Abstract morning lecture Martin Hartmann

Social Capital in the Network Society

In Robert Putnam’s Making Democracy Work (1993) social capital comprises features of social organizations such as trust, norms and networks that facilitate cooperation. Later Putnam uses social capital merely by referring to networks. In my lecture I analyze the relation between networks and social capital in relying on Putnam’s distinction between horizontal and vertical networks. While Putnam assumes that vertical networks, that is networks between unequal or unequally powerful individuals, cannot engender norms of reciprocal obligation and thus cannot produce social capital, I claim that social capital can be produced in the context of asymmetrical relations. To substantiate this thesis an economic model of networks is introduced and linked to neoliberal contemporary capitalism. In building upon the work of Boltanski and Chiapello it is further assumed that neoliberal capitalism is a network capitalism in which those who can successfully act in these networks as they are flexible and in possession of key qualifications rely on the work of a static and hardly recognized stratum of “doubles” that locally administers and organizes the social capital from which the successful, the ‘network opportunists’, profit.

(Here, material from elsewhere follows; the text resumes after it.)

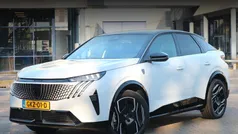 Gebruikt 2024 Peugeot e-3008 GTi SUV | € 45.245 (Eerlijke prijs)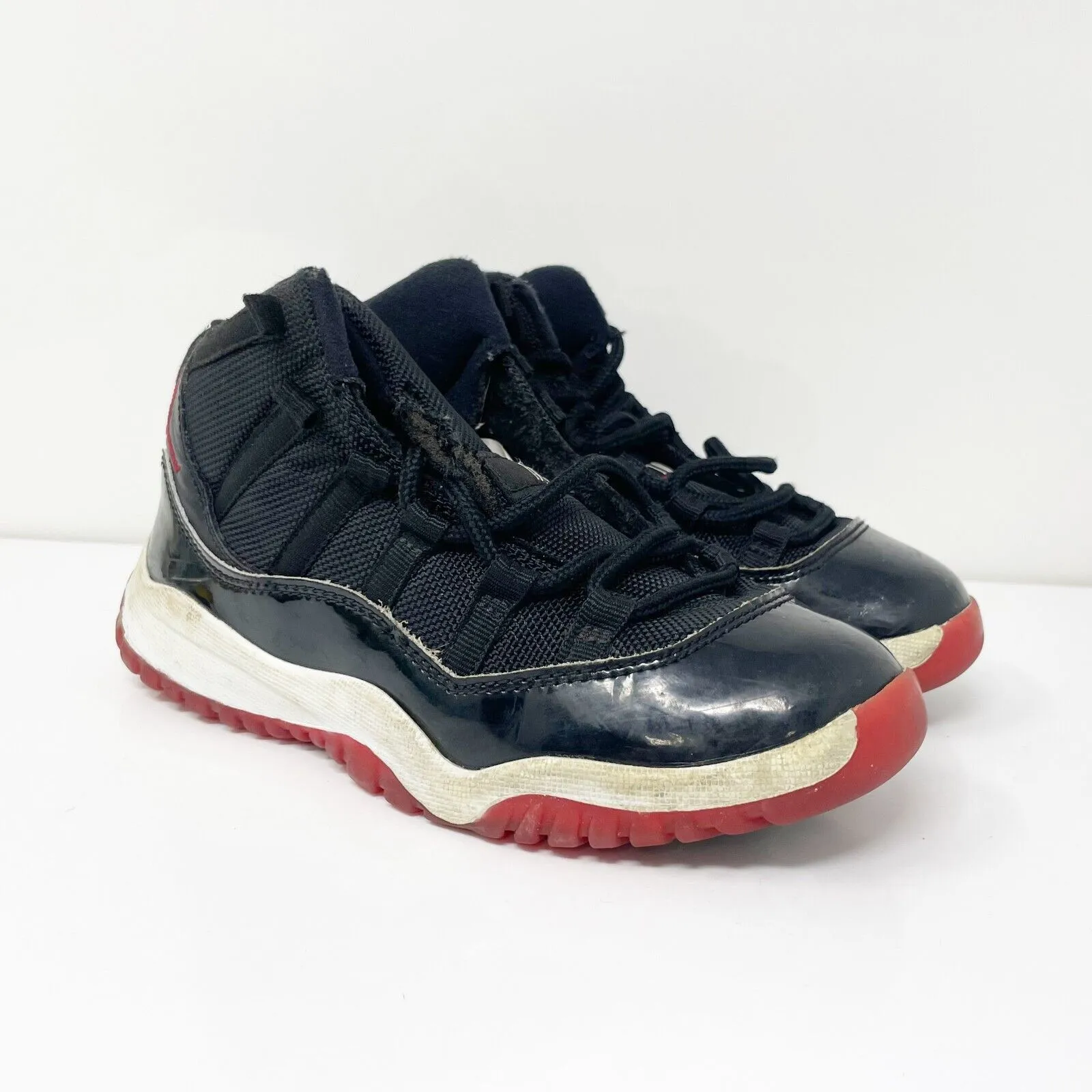 Nike Boys Air Jordan 11 378039-061 Black Basketball Shoes Sneakers Size 1Y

There is trust between these opportunists and their servants, a trust that even appears to be equally distributed. However, the network structures at hand lack the mechanisms, given in other, more intimate contexts of action, to sanction any breach of trust. This way network capitalism profits from a seemingly equal trust while not providing the less privileged individuals with the means to sanction breaches of trust in their own interest.